- Conduit as depicted in Adventures of Superman #0 (October 1994). Art by Barry Kitson (penciler) and Glenn Whitmore (colorist).

Publication information
- Publisher: DC Comics
- First appearance: Superman: The Man of Steel #0 (October 1994)
- Created by: Dan Jurgens Louise Simonson

In-story information
- Alter ego: Kenny Braverman
- Species: Human
- Abilities: Kryptonite-based energy manipulation

= Conduit (character) =

Conduit (Kenny Braverman) is a fictional character appearing in American comic books published by DC Comics.

==Publication history==
Conduit first appeared in Superman: The Man of Steel #0 and was created by Dan Jurgens and Louise Simonson. In the 1995 story arc "Death of Clark Kent," spanning four Superman titles, Conduit tried to murder everyone important to Kent.

In The New 52 continuity reboot, Kenny Braverman appears in a flashback when Psycho-Pirate uses his Medusa Mask to make Superman relive his history.

Braverman is reintroduced as Conduit in Action Comics #1044 as part of the Action Comics story arc "A World Without Clark Kent", where Amanda Waller tasks him with retrieving the Genesis Fragment, a radioactive energy source with mutagenic properties, in exchange for clemency.

==Fictional character biography==
On the night Kenny Braverman's mother gave birth to him, a powerful snowstorm made the roads icy and slick.
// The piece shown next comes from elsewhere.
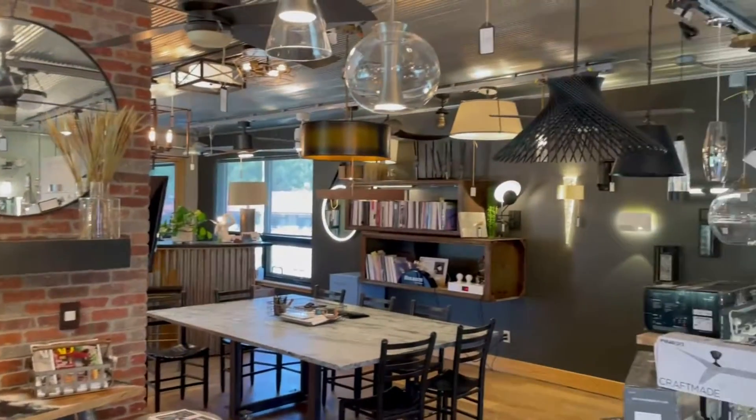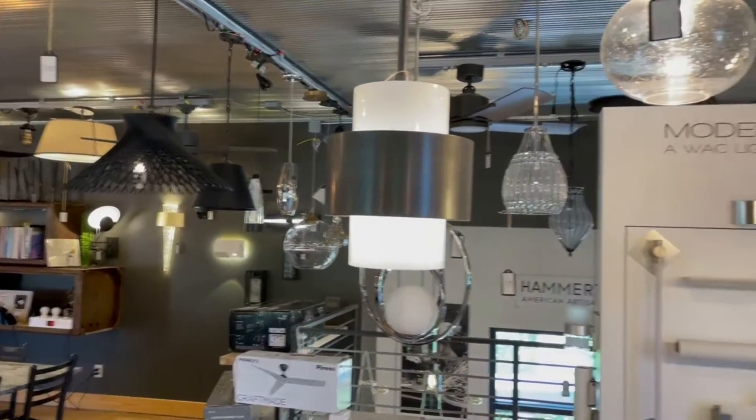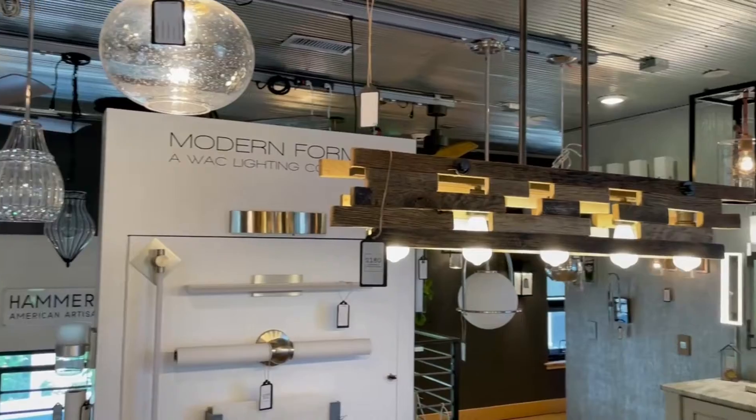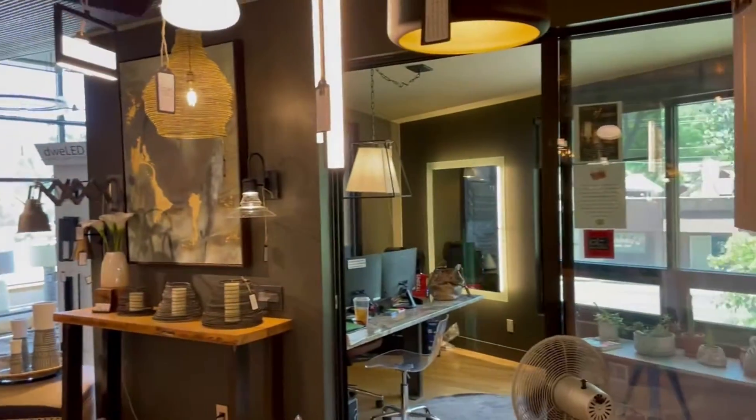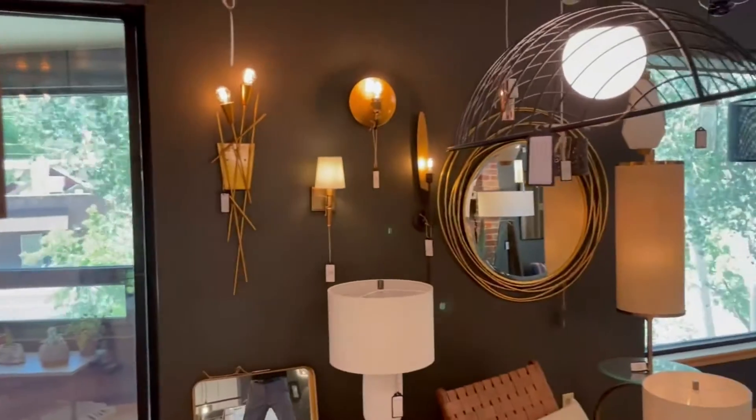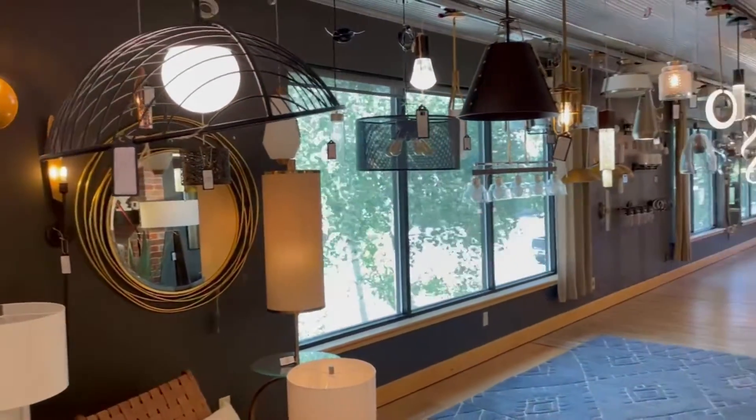Come on down here and check it out. You can pan around and look at all the different variety of lighting — everything from chandeliers to freestanding lights to lights mounted on the wall for your bathroom. All sorts of selection. Come on down, walk around, and let them know that the chamber sent you.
On the way to the hospital, the car Kenny's father was driving skidded on ice. Moments later, Kenny was born in the car and infant Kal-El's starship passed overhead. Kenny suffered radiation poisoning due to kryptonite exposure from the ship, causing him to be sick throughout his childhood. Kenny becomes an athlete at Smallville High School, but always comes in second place to Clark Kent.

Kenny volunteers to be thoroughly examined by the CIA to determine how the kryptonite affected his body. He is recruited into a covert operation in France, but Clark thwarts Kenny's efforts. This, coupled with years of being outdone by him in their youth, causes Kenny to despise Clark.

Kenny later develops the ability to generate kryptonite radiation, which he focuses through a special high-tech suit, and assumes the codename Conduit. When Conduit discovers Superman's secret identity as Clark Kent, he begins to stalk him, planting bombs intended to kill Clark's friends and co-workers. Superman attempts to go into hiding, but Conduit tracks him down and knocks him unconscious. Conduit places Clark in a fake Smallville set twenty years in the past, filled with android versions of its citizens programmed to hate Superman and regard Conduit as a hero. Several of them attack Superman, including imitations of Lois Lane and Jonathan and Martha Kent. Superman agrees to fight Conduit without powers at Smallville's football stadium. During the battle, Conduit absorbs a massive amount of energy, which overloads his body and leaves him a lifeless husk.

==Powers and abilities==
Conduit wears body armor that provides some protection from energy and physical attacks. His powered exo-frame allows him to fly. He has two extendable cables with which he can ensnare an opponent as well as fire blasts of kryptonite radiation. Conduit also learned how to channel this energy he gave off back into his body to enhance his strength to a point where he could physically compete with Superman.

==In other media==
- A young Kenny Braverman appears in the Superman: The Animated Series episode "New Kids in Town", voiced by Scott Menville. This version is a bully at Smallville High School.
- A young Kenny Braverman appears in Man of Steel, portrayed by Rowen Kahn. This version is a bully at Smallville High School.
- Conduit appears as a character summon in Scribblenauts Unmasked: A DC Comics Adventure.
- Conduit received an action figure in Kenner Products' Man of Steel toy line.